> _Requirement_
Whatever lies between the line with "ルネス本城学研台 III棟C0320の間取り" and the end of the data, both included, must be copied exactly and without pictures.

> _Data segment_
——————————
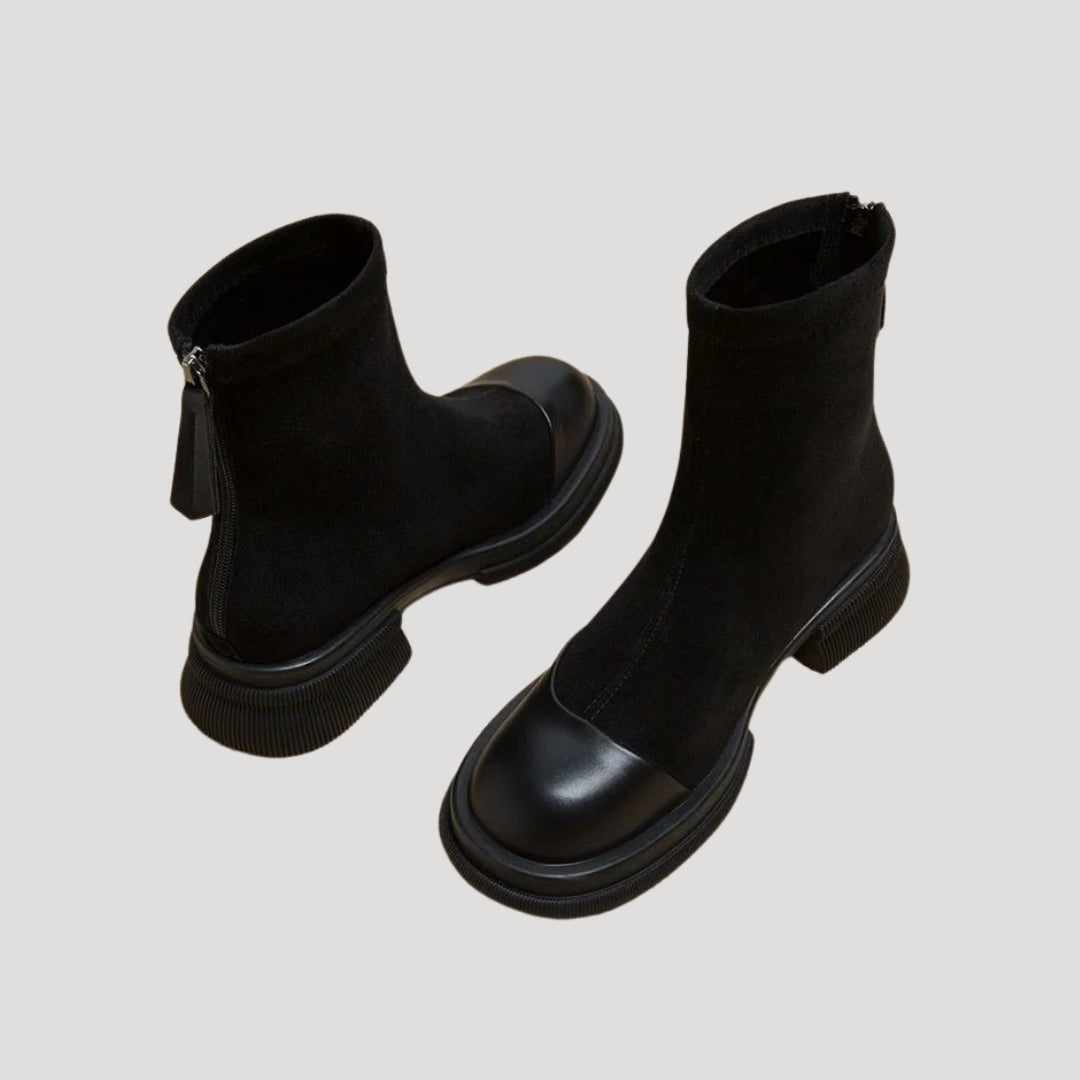 Dam mocka-textur ankelstövlar med dragkedja för kvinnor 1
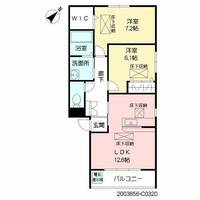 ルネス本城学研台 III棟C0320の間取り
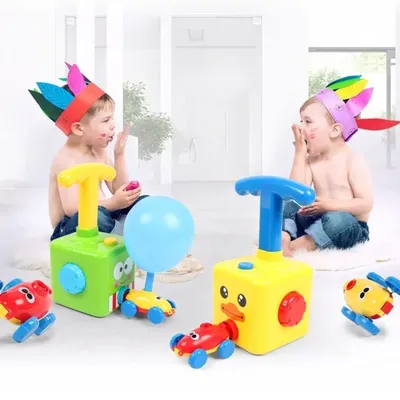 Two-in-one New Power Balloon Car Toy Inertial Power Balloon launcher Education Science Experiment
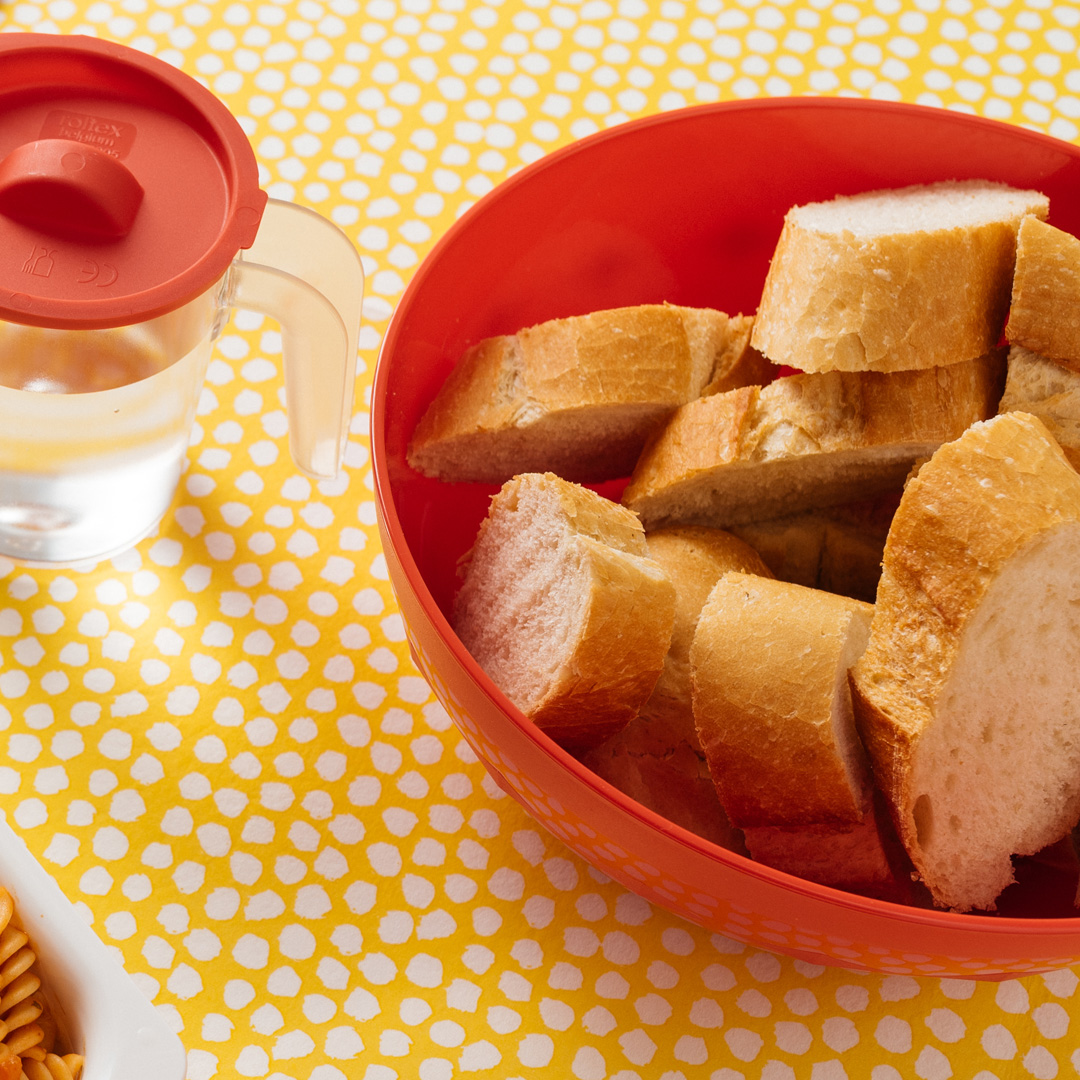 Large Red Bowl with Bread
——————————
> _Solution to this exercise_
 ルネス本城学研台 III棟C0320の間取り
 Two-in-one New Power Balloon Car Toy Inertial Power Balloon launcher Education Science Experiment
 Large Red Bowl with Bread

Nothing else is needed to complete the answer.